And despite having spent as long as he did at Lucknam Park, the chef feels like he has a cooking style of his own.

"Hywel [Jones] was very good at giving me a lot of my own creative space and helping me develop my own dishes," he said.

"I was quite lucky in that when I came I'd already developed my cuisine quite a lot - and since I've been at Crockers, I've been given even more opportunity to be able to do that - so I'd say that I've really just started refining what I do and just upping the ante a little bit."

His charcoal grill is his favourite - and the place he starts whenever he is designing a dish.

"My style is quite fun and quirky," describing some of his new dishes, which include a duck toastie with orange and smoked ham, and his signature dish of kentucky-fried octopus.

Slow-cooked meat and root vegetables are among his favourite ingredients, he said, "because the longer you can cook something, you can develop a lot more flavour."

"I like working with humble, cheap ingredients," like underrated fish such as Guernard, "to really try and support sustainability."

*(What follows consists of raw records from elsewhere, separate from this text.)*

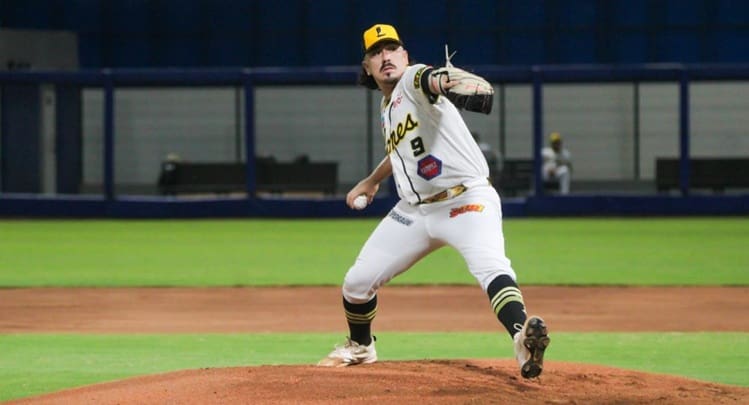 Dorados fortalece su pitcheo con Alfredo Villa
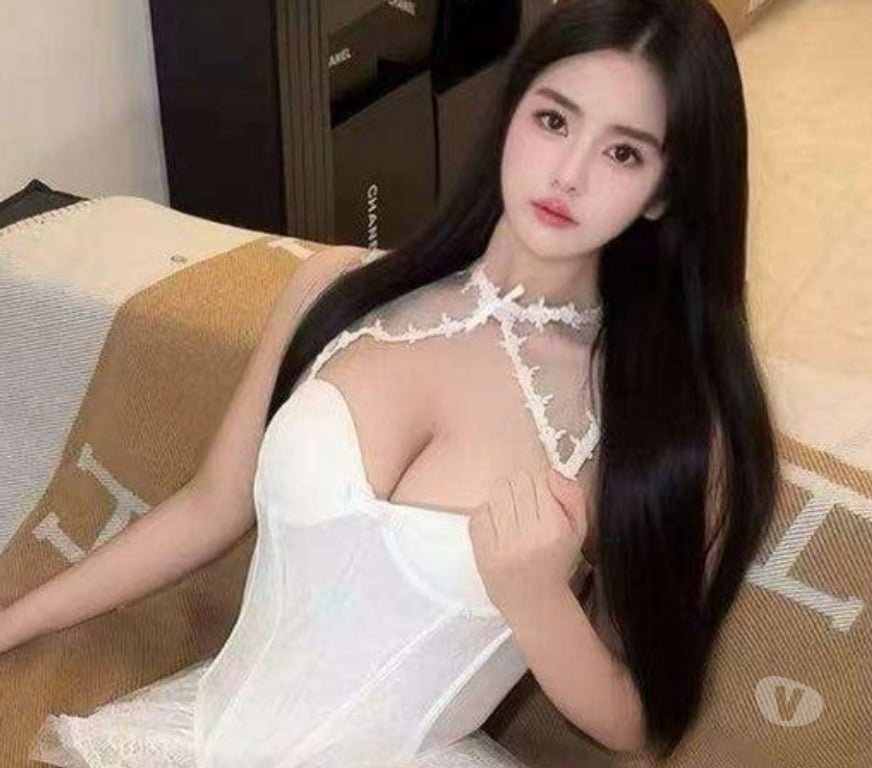 Escorts West London Hounslow - Photos for Stunning Asian Escort is Available For You🌹 07932890358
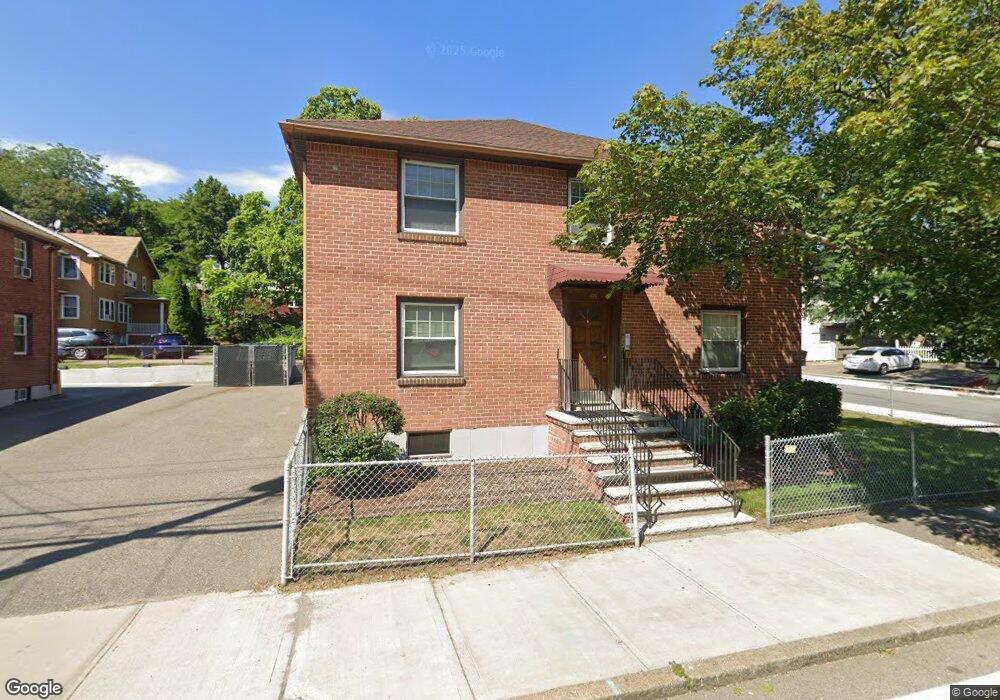 95 Copeland St unit 1, Quincy, MA 02169 - photo 1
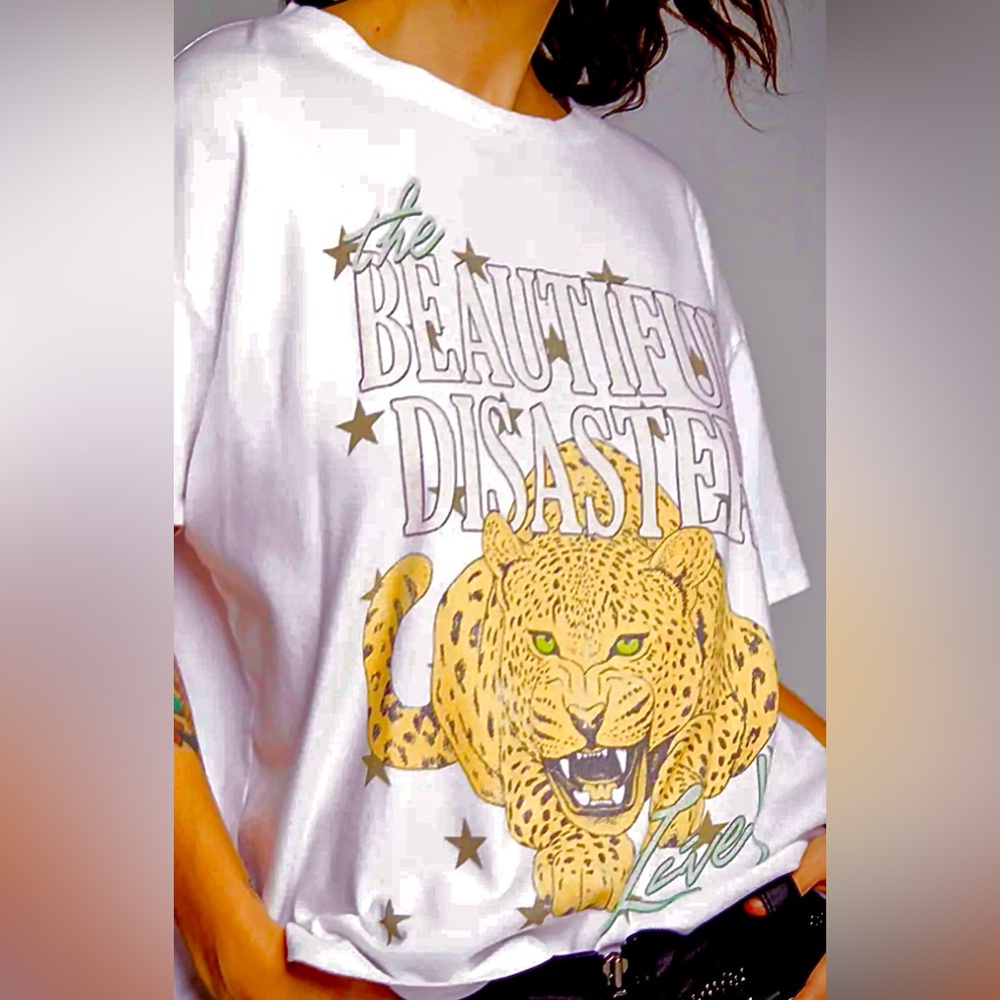 ODD PEOPLE Collection  "The Beautiful Disaster" Graphic Tee Size Medium NWT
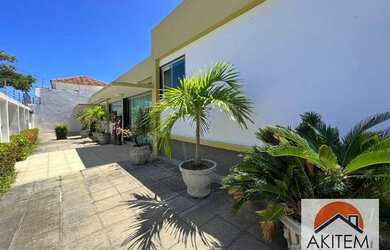 Imagem: A casa possui 4 Dormitórios, 4 Banheiros, 5 Vagas na garagem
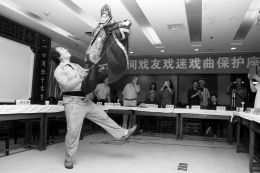 孝义的张建安表演木偶变脸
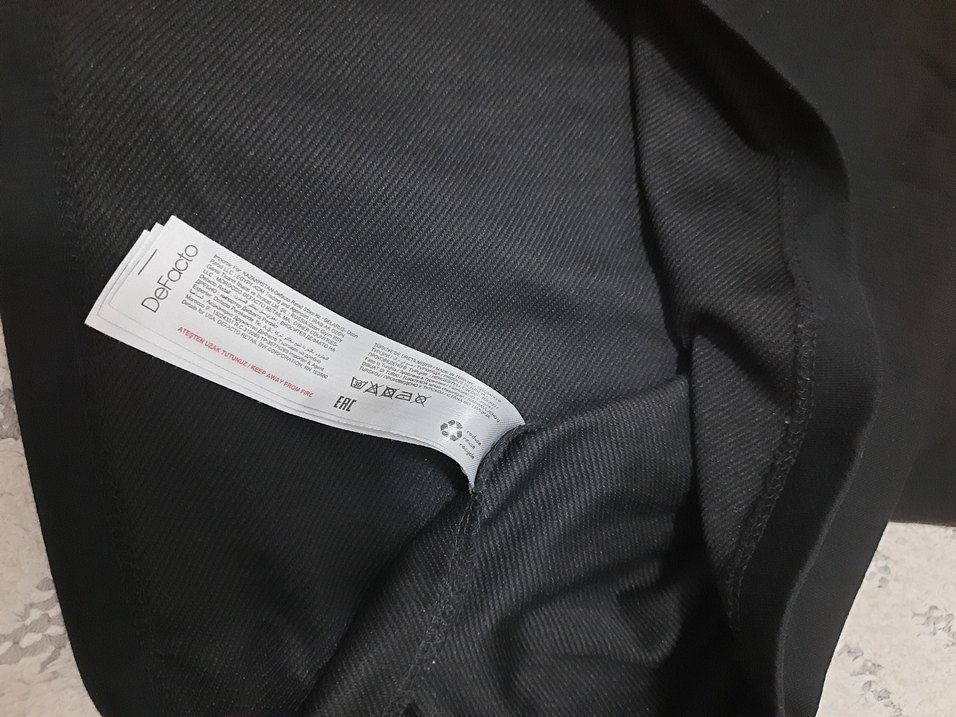 Siyah Baskılı Kapüşonlu Kısa Kollu Tişört - Görsel 3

"I love putting things on the menu that people may not have seen or heard of before. When they get it, it's something that they recognise and they go: 'Oi, you've served it in a way I understand' and then they get the ingredient."

Thoughts for the future

"I can see myself with Crockers for quite a long time now," the chef said.

"It's a fantastic company and they've got an amazing vision. The way they treat and take care of their staff is fantastic - we've got an amazing package where everybody gets a 45-hour week, dental care, health plan, gym membership. They're really trying to be trend setters in what we're doing for our staff, and it's something I really believe in."

As for the future of the industry, he said: "I think for the rest of this year people are really going to try and push and they're going to struggle through."

"The bit that's going to hit is going to be winter next year. January next year is going to be a real tough one."

"But the industry is going to have to pull together and hopefully there'll be a bit more support from government if we go back into lockdown," he added.

"We're all just going to have to adapt as an industry and look at what we do - maybe change what we do - to adapt to new ways of working and living."